Les romans qui disent tout passent à côté de la vie

C’est la même différence qu’entre marcher dans un parc d’attraction et arpenter une forêt mythique, celle de Robin ou de Perceval. Les romans tristes, qui disent tout, passent à côté de la vie, qui est mystère, qui est désir, qui est contradiction. Si l’homme vit la plupart du temps sa vie à son insu (il a quelques rares moments de lucidité, c’est vrai, mais ce n’est qu’une lucidité partielle), pourquoi le personnage de roman ne serait-il pas comme lui ?
Pourquoi avancerait-il dans un monde balisé où, comme dans les allées d’un supermarché, tout est mis à sa portée, tout est devenu marchandise ? Où les sentiments sont étiquetés pour qu’on soit sûr de les reconnaître, de ne pas se tromper : ça, lecteur, c’est de l’amour et du vrai ; ça, lecteur, c’est de l’amitié, ça de la solitude, ça de la joie, ça de la tristesse, ça un méchant macho et ça une cadre d’entreprise battante. Qui sont ce macho et cette cadre quand ils ne sont plus macho et cadre ? Ou plutôt, de quelle vision de l’homme part-on quand on décide d’écrire un roman ? Le sait-on ? Une vision caricaturale, stéréotypée, où toute chose est à sa place, sauf la vie et la vérité qui main dans la main ont pris la clé des champs ? Ou bien une vision qui part de sa propre expérience/ignorance du monde et des autres, et qui tente d’en rendre compte à travers des personnages, une langue, une façon d’agencer dialogue, narration, description, commentaire ?

 Ecrit-on un roman pour écrire un roman ?
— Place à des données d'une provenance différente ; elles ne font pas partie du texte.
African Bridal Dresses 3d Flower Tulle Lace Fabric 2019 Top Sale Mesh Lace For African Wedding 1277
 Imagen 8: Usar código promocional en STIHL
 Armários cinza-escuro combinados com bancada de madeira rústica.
Et puis, surtout, écrit-on un roman pour écrire un roman ?
Comme un objet qu’on produit et une fois que c’est fait c’est fait ? Ou accepte-t-on que le roman se refuse, se rétracte, ne se décide à apparaître qu’après des mois, des années de maturation ? Après un travail acharné, des phases d’intense découragement, d’abandon, ou au contraire des périodes de grâce ?

Suffit-il d’accumuler et de produire pour écrire un roman ?
Suffit-il d’oser décréter « ceci est un roman » pour que ça le soit ?

Bruno Guennec

 

20 CommentairesAjouter un commentaire

@Catarina Viti
Toute écriture est légitime mais pas nécessairement littéraire :)
Définir ce qui est littéraire et ce qui ne l'est pas n'est pas seulement historique et politique. L'art échappe aux temps, aux modes, aux idéologies, précisément à cause de sa dimension universelle. Le beau reste beau. Le laid ne devient pas beau seulement par décret.
Par "beau" j'entends (voir ci-dessous), pour un roman par exemple : qualité de l'écriture, finesse, réalisme et complexité du drame, puissance et universalité du message.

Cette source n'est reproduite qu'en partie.